— SUPPLIED MATERIAL —
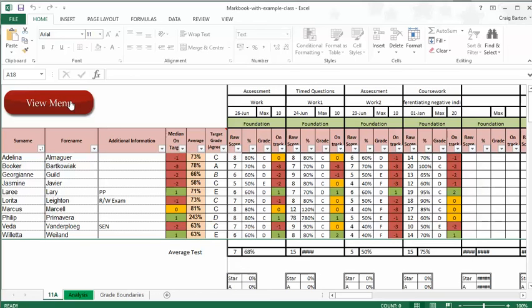And then the insight comes, and it all comes through this view menu thing. Now I should say at this point you've got to enable macros and all that stuff that you have to do regularly if you want to use some fancy Excel spreadsheets, but I promise you it's completely safe this one.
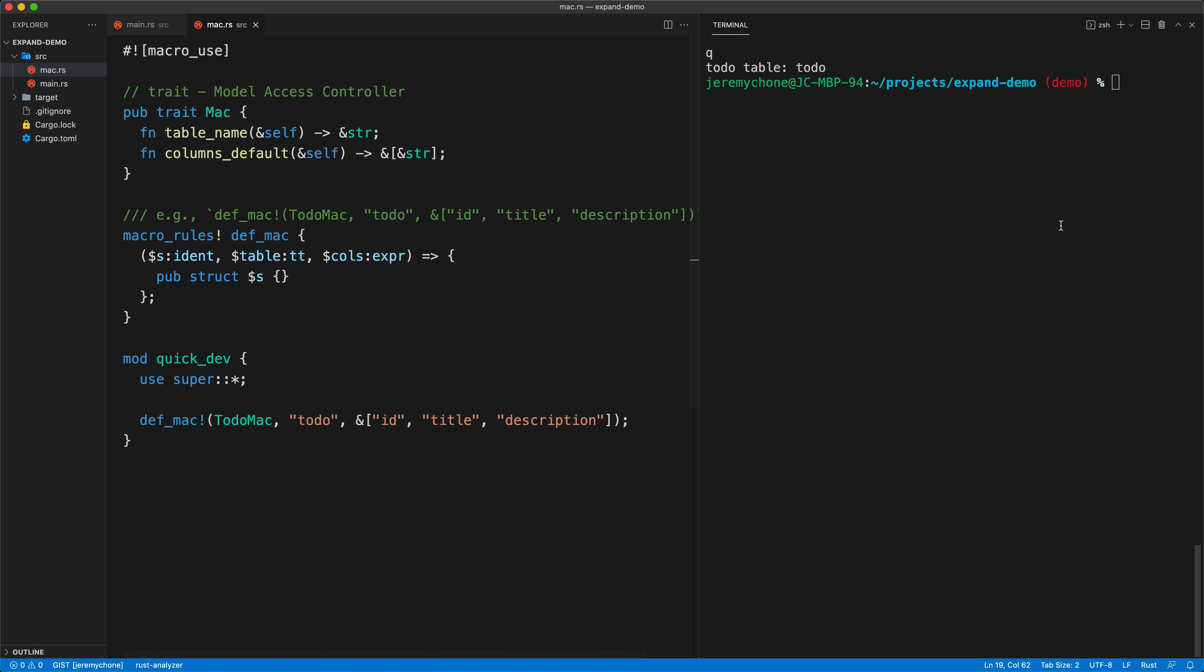That is where cargo expand works. We're going to do cargo watch dash q dash c for clear, dash x, and then here we're going to do expand. In expand we're going to give our mac quick_dev. The reason here why we have this quick_dev, a little hack, is because this way we don't have other kinds of macros and expand and so on. We can just focus on coding our macro live in a way, seeing what is output, and then we can get rid of this module.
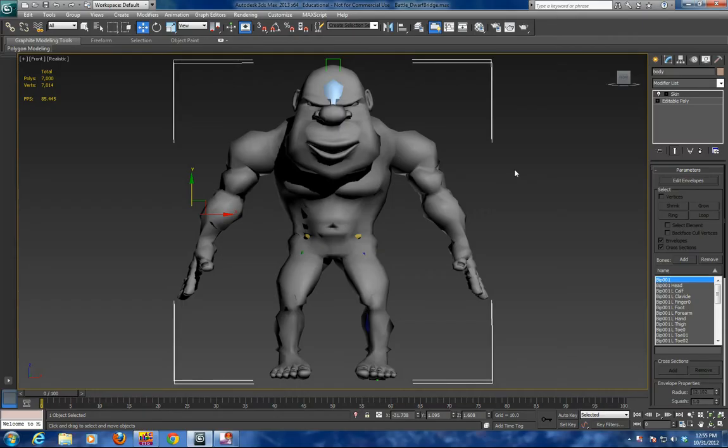Welcome. This is a tutorial on assigning skin modifiers to a typical character using the biped rig.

— WHAT TO PRODUCE —
Give the data again exactly as written, with no pictures included.

— EXERCISE OUTPUT —
And then the insight comes, and it all comes through this view menu thing. Now I should say at this point you've got to enable macros and all that stuff that you have to do regularly if you want to use some fancy Excel spreadsheets, but I promise you it's completely safe this one.
That is where cargo expand works. We're going to do cargo watch dash q dash c for clear, dash x, and then here we're going to do expand. In expand we're going to give our mac quick_dev. The reason here why we have this quick_dev, a little hack, is because this way we don't have other kinds of macros and expand and so on. We can just focus on coding our macro live in a way, seeing what is output, and then we can get rid of this module.
Welcome. This is a tutorial on assigning skin modifiers to a typical character using the biped rig.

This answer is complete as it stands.